• _Try it_
Start the copy at the line holding "Perceel LWR02-E-4364" and continue it exactly through the last line of the entries, leaving out pictures and anything else.

Crawled caption data:
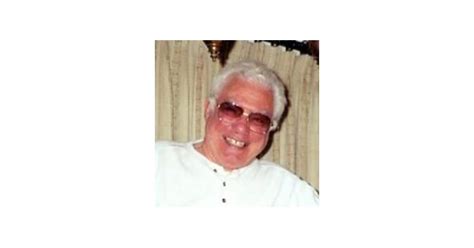 Donald Thomas Obituary 1931 2016 Legacy Remembers
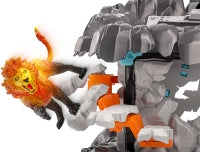 Schleich Smashrador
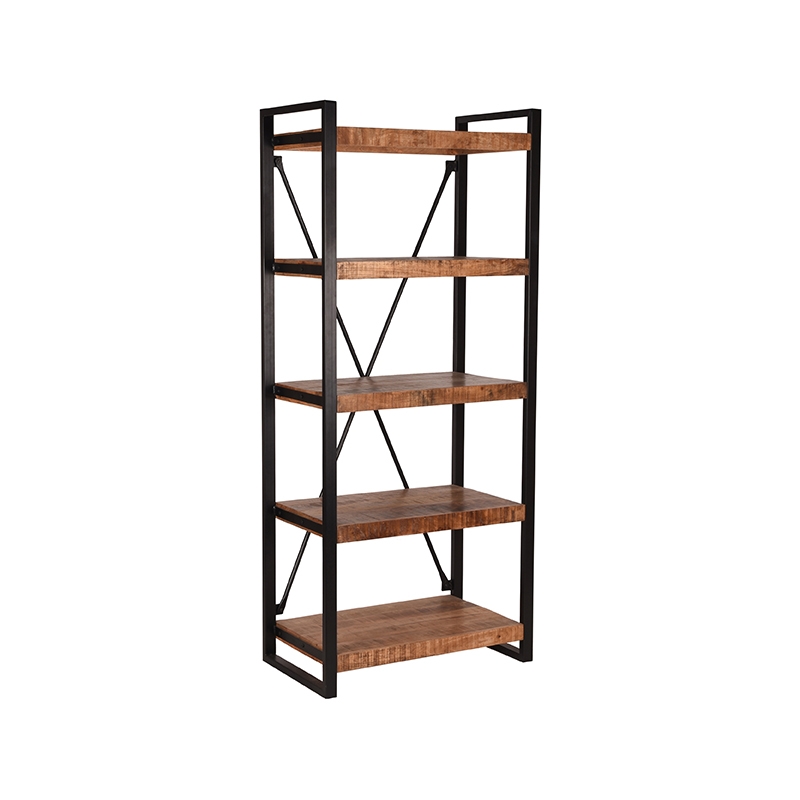 https://www.label51.nl/media/catalog/product/b/o/boekenkast_brussels_rough_mangohout_80x45x185_cm_perspectief.jpg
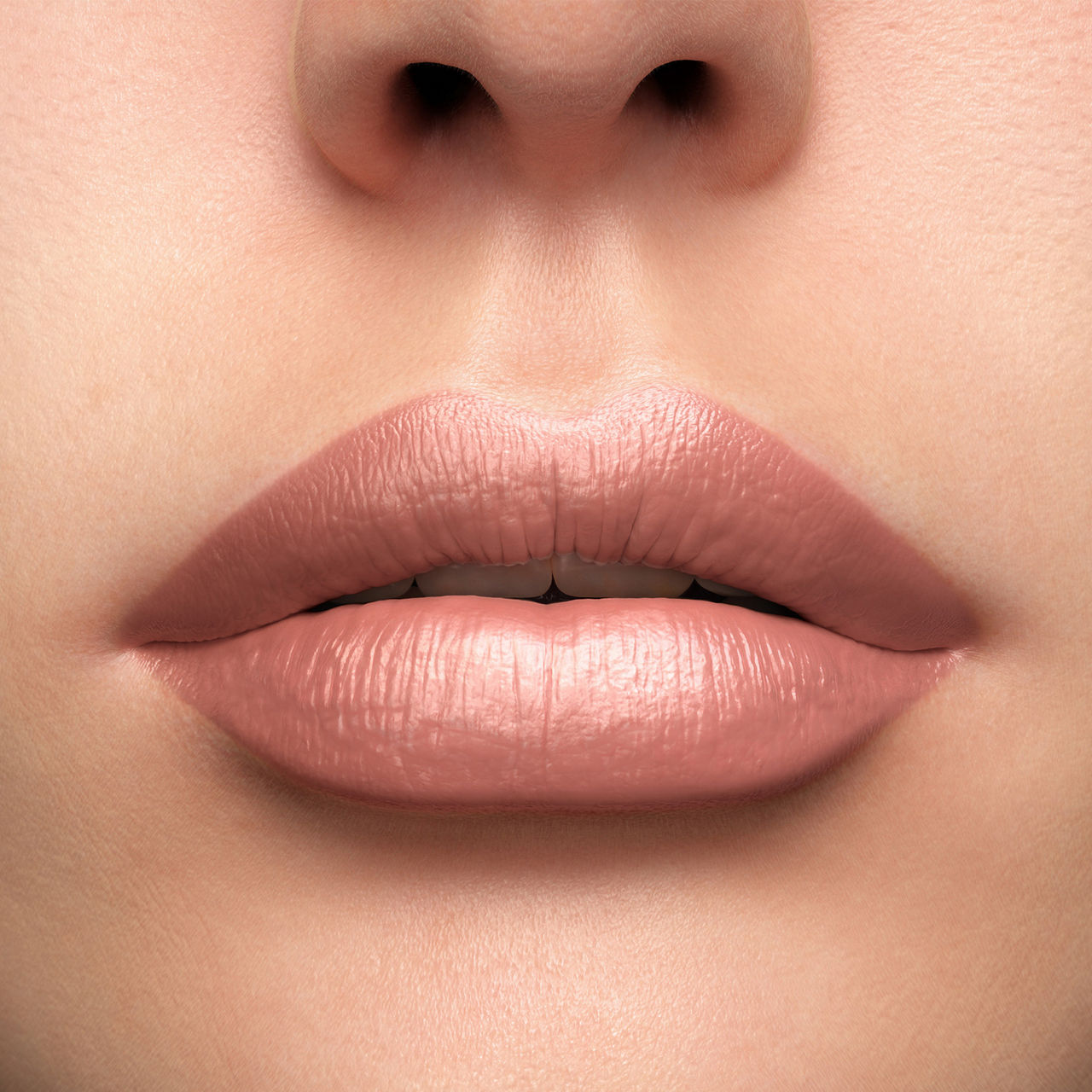 L'Absolu Rouge Cream Lipstick L'Absolu Rouge Cream Lipstick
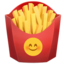 🍟 🍟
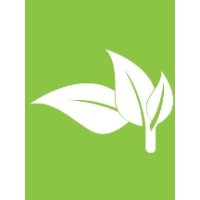 Navikra Tech Solutions Pvt Ltd logo - Similar company to Pizzapp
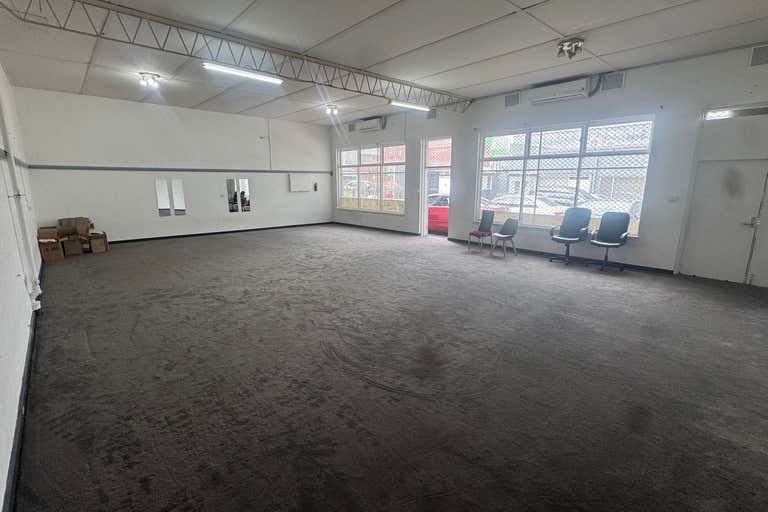 39A Walker Street Dandenong VIC 3175 - Image 2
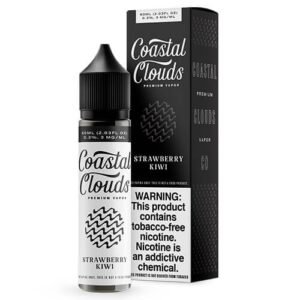 coastal clouds juice coastal clouds strawberry kiwi 60ml tf vape juice 30304698368111.jpg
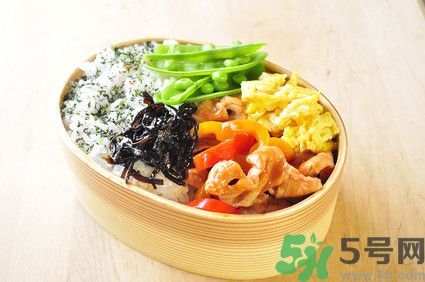 夏天帶飯要注意什么？夏天怎么帶飯才健康？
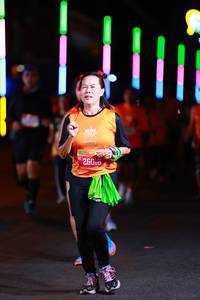 BIB: 26018
                            <button type="button" onclick="openModal(21061568)" class="btn btn-primary btn-sm float-right btn-popup" data-toggle="modal" data-target=".modal-high-quality">
                        <i class="fas fa-shopping-cart"></i> Add to Cart
                    </button>
                                            <button type="button" onclick="isThisMe(21061568, true)" class="btn btn-success btn-sm float-right btn-popup btn-isme hidden" data-toggle="tooltip" data-placement="bottom" title="นี่คือรูปของคุณใช่ไหม คลิกที่นี่เพื่อเอาเข้าอัลบั้ม">
                        <i class="fas fa-plus"></i> Add to album
                    </button>
                    <button type="button" onclick="isThisMe(21061568, false)" class="btn btn-warning btn-sm float-right btn-popup btn-isnotme hidden">
                        <i class="fas fa-ban"></i> Remove from album
                    </button>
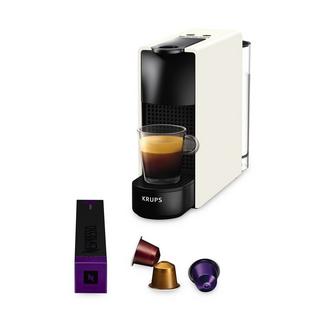 KRUPS Nespressomaschine Essenza Mini 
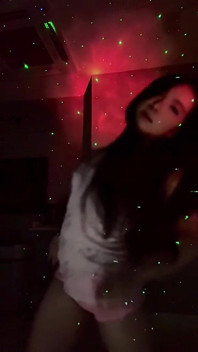 Cose Attraenti Nascoste Dietro Video Di Ballo Sexy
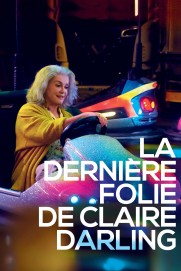 Claire Darling Claire Darling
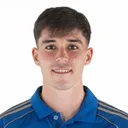 Marco Esteban — cầu thủ, Real Oviedo II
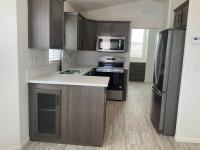 2025 Champion Manufactured Home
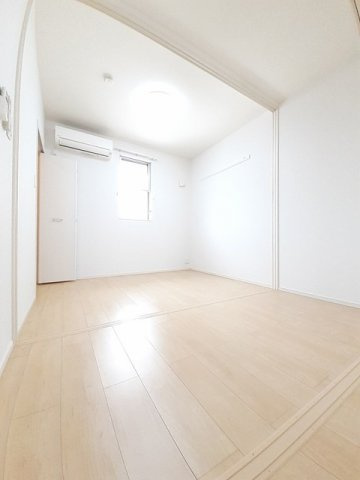 【内装】 | ヴァン　ベール
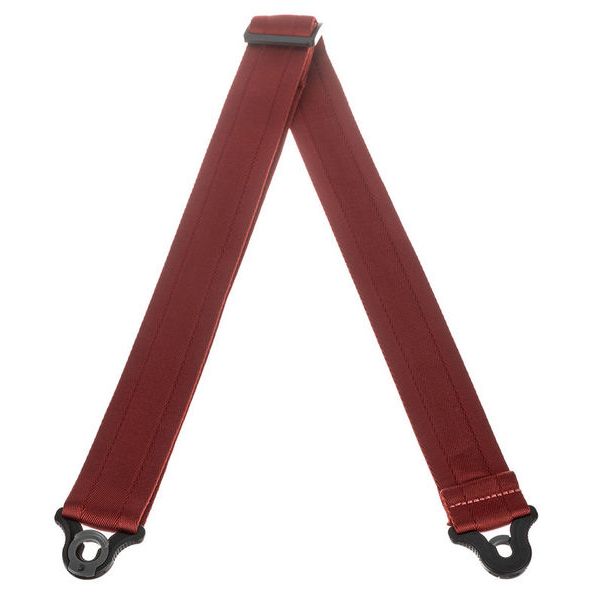 longchamp guitar strap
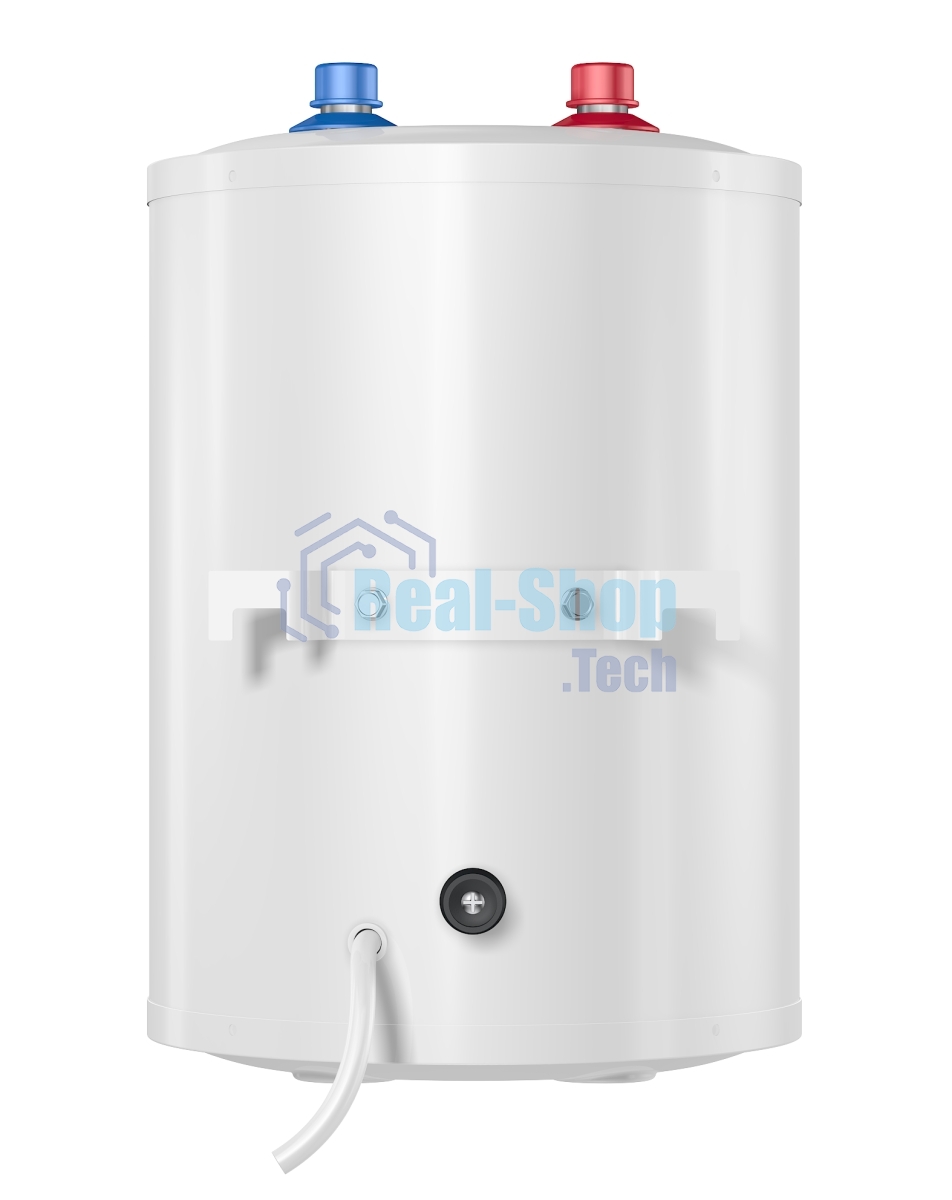 Водонагреватель Thermex IC 10 U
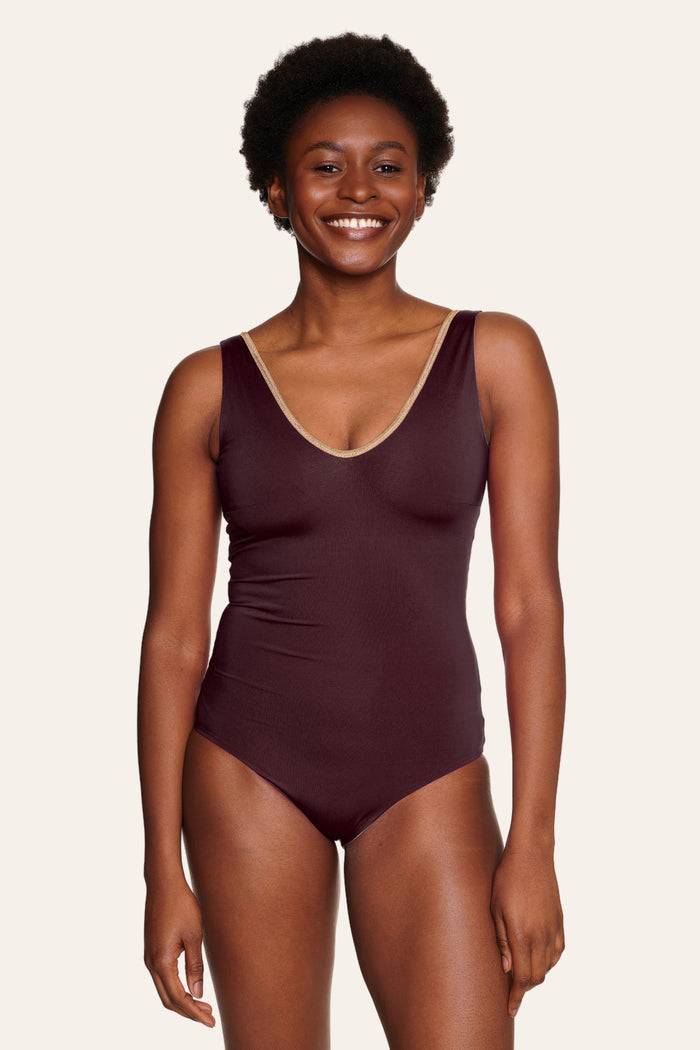 Mymarini Purebody Classic Shine Letzte 2 Tage
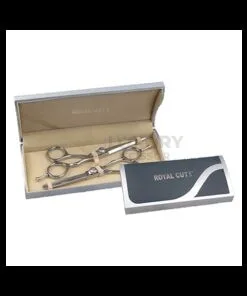 Barber Kit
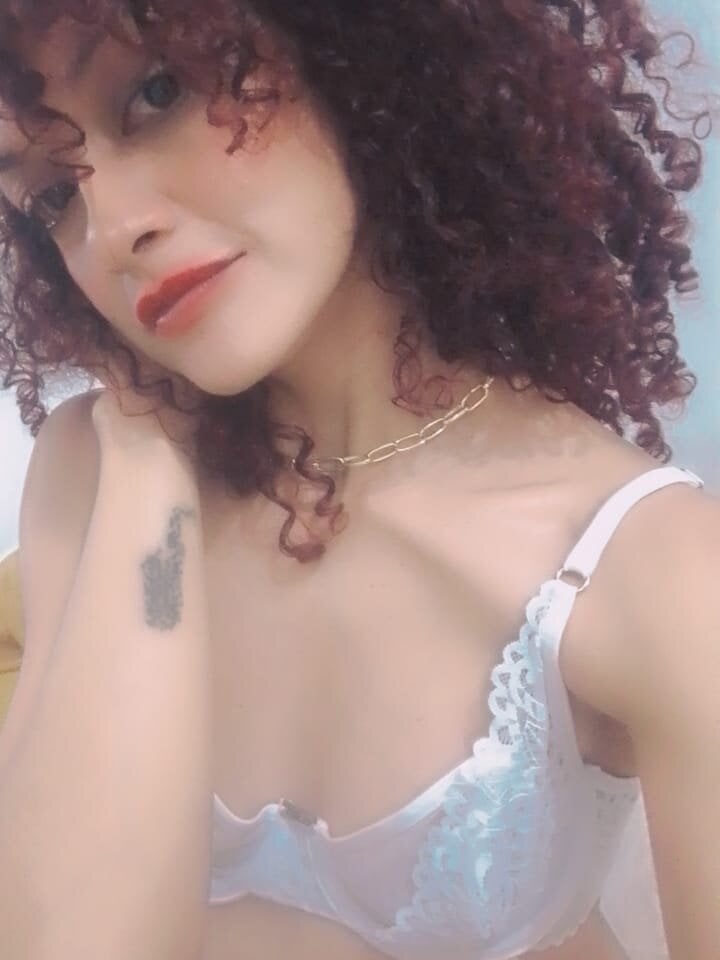 Threesomenomercy66 Chatroom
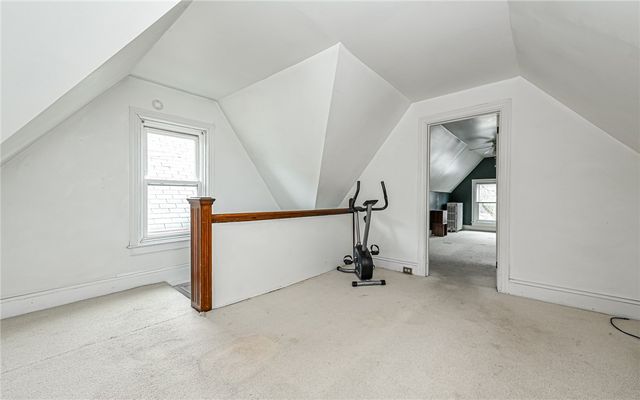 104 Ivy Street, Edgewood, PA 15218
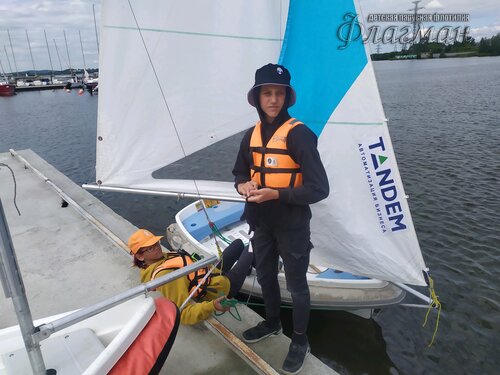 2022_07_27_130042 13SouthWest KrivykhL HusainovI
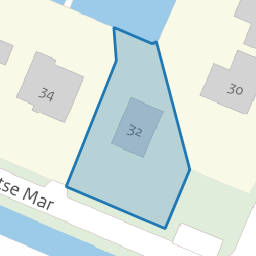 Perceel LWR02-E-4364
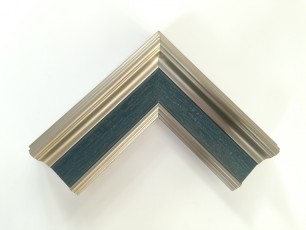 ramovi-za-uramljivanje-0457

• _Written response_
 Perceel LWR02-E-4364
 ramovi-za-uramljivanje-0457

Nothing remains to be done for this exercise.